Alternatively, you could see if posterior predictive checks from the fit with large region_step indicate problems.

If you confirm that you are seeing a prior-data conflict, than it might be an indication that the model needs to be modified in some way.

Does that make sense?

Best of luck with your model!

2 Likes

Thanks so much! You answer makes sense to me, except this part:

Also note that if your data don’t really let you discern the random walk variability from the residuals, you could have a highly correlated posterior between the residual and region_step which would then also manifest as a wide posterior for region_step (and possibly overwhelm your prior).

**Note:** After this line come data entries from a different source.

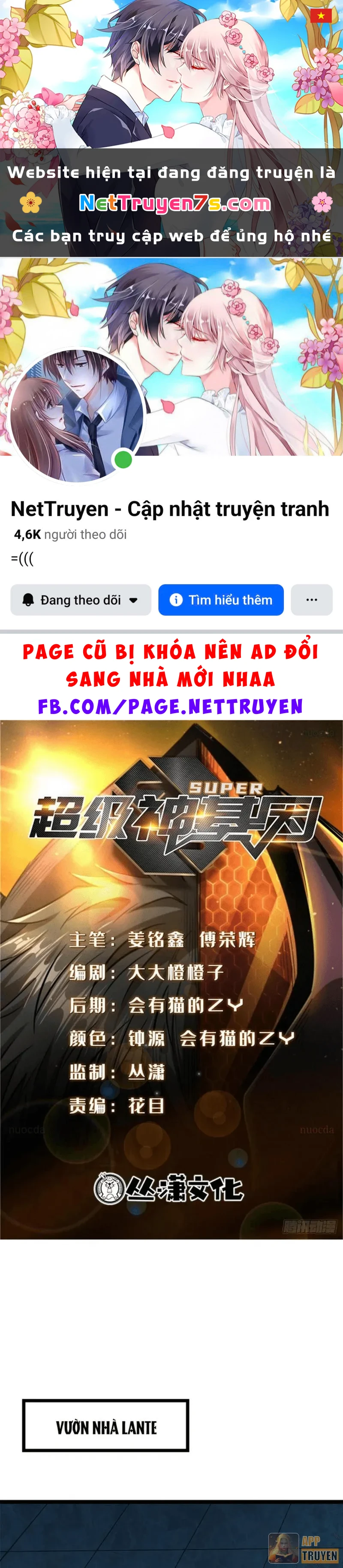 Siêu Cấp Thần Cơ Nhân Chapter 414 - 1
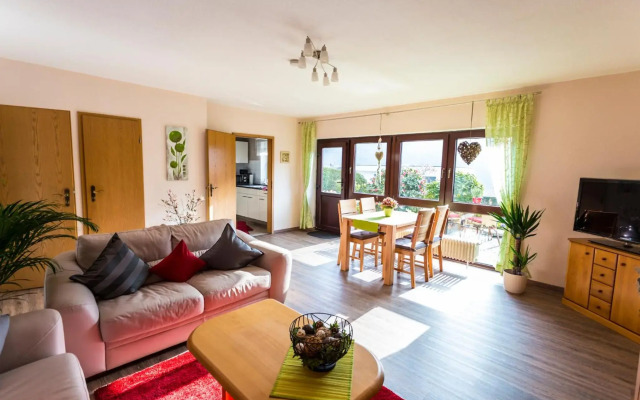 Ferienwohnung Zöll-Wedra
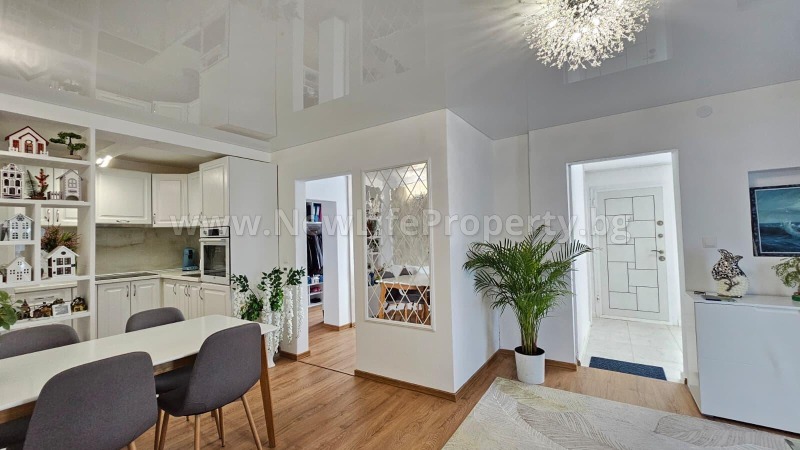 Продава КЪЩА, с. Кошарица, област Бургас, снимка 5 - Къщи - 53452659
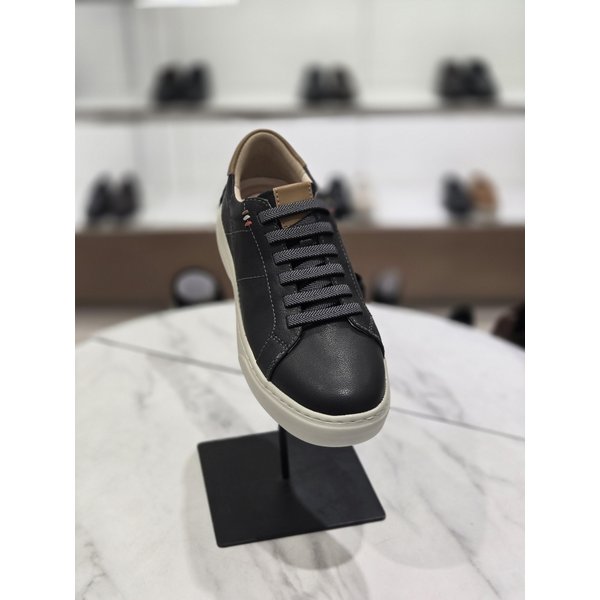 [시흥점] 여성 세미 캐주얼 밴딩 스니커즈 (FLF320)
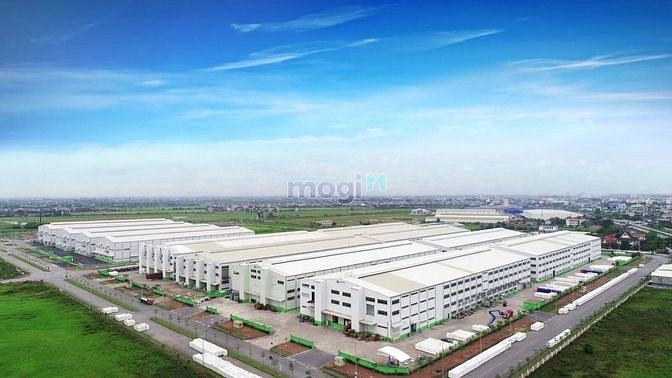 Hình ảnh Bán 1.3 ha đất công nghiệp mặt đường 376 Ân Thi vị trí đẹp giá tốt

Are you saying that region_effect_raw and region_step will have highly correlated posteriors if region_step is a quantity that can’t really be estimated well from the data? So instead of being tethered to the data, region_step will have a broad posterior which in turn will make the posterior of region_effect broad as well?

Otherwise, you are right that it is possible the data should in fact be overwhelming the prior by this much. It’s tricky to verify because the quantity that’s taking this random walk is a latent variable (it’s the ability parameter in an IRT model), so it’s hard to compare levels of variability between it and the data.

We are indeed using posterior predictive checks to check the reasonableness of the models.

In the meantime, I also experimented with tweaking other parts of the model, because I know non-convergence can of course be contagious across different parameters. I was able to improve convergence under other fixed values of region_step by quite a bit–it would be a little out of scope here to explain how, since it involves other parameters that I haven’t talked about, but if anyone is interested I can give it a go.